Law School Case Brief
Katz v. Oak Indus., Inc. - 508 A.2d 873 (Del. Ch. 1986)
In order to demonstrate an entitlement to the provisional remedy of a preliminary injunction it is essential that a plaintiff show that it is probable that his claim will be upheld after final hearing; that he faces a risk of irreparable injury before final judgment will be reached in the regular course; and that in balancing the equities and competing hardships that preliminary judicial action may cause or prevent, the balance favors plaintiff.

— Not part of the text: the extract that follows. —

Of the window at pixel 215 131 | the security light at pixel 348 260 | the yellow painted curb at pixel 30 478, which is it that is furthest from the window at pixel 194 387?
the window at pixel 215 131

Plaintiff securities holders filed an application for a preliminary injunction in their action, alleging that an exchange offer and consent solicitation made by defendant Oak Industries, Inc. to holders of various classes of its long-term debt was coercive and constituted a breach of contract. Plaintiff entered into acquisition and stock purchase agreement with an interested buyer. The securities holders sought to enjoin the consummation of the exchange offers, contending that they benefitted the common stockholders at the expense of the debt securities holders, forced the exchange of the debt instruments at an unfair price, and forced the debt holders to consent to the elimination of certain protective covenants.
Does the exchange offers made by Oak Industries of its long-term debt securities constitute breach that warrant injunction?
The court held (1) the company did not breach the implied covenant of good faith because its conduct did not violate the reasonable expectations of those who negotiated the indentures on behalf of the securities holders, and (2) injunctive relief was inappropriate because the securities holders failed to demonstrate a likelihood of success on the merits and the company was in perilous financial condition.